== The data ==
>>>

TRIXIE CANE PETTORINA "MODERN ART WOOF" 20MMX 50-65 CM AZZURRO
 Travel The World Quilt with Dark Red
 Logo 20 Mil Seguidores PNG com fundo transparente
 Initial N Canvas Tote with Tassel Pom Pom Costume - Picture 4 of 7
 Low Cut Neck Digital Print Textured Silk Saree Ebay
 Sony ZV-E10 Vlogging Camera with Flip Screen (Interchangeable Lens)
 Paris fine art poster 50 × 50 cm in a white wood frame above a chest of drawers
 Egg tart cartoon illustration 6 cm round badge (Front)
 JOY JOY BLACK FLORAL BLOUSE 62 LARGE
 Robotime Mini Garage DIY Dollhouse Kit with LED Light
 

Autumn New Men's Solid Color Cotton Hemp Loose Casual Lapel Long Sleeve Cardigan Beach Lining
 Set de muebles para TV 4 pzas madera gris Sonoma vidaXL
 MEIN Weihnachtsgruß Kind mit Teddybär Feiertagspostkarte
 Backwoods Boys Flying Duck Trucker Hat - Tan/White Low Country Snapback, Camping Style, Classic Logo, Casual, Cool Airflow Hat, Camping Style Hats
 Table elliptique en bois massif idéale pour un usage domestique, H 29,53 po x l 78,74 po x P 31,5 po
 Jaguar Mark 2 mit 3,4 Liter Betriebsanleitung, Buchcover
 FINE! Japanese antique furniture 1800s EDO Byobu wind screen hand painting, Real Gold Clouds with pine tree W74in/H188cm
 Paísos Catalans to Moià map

<<<

== Prompt ==
For the word "Casual", find every line in the data that holds it and copy that line.

== Task output ==
Autumn New Men's Solid Color Cotton Hemp Loose Casual Lapel Long Sleeve Cardigan Beach Lining
 Backwoods Boys Flying Duck Trucker Hat - Tan/White Low Country Snapback, Camping Style, Classic Logo, Casual, Cool Airflow Hat, Camping Style Hats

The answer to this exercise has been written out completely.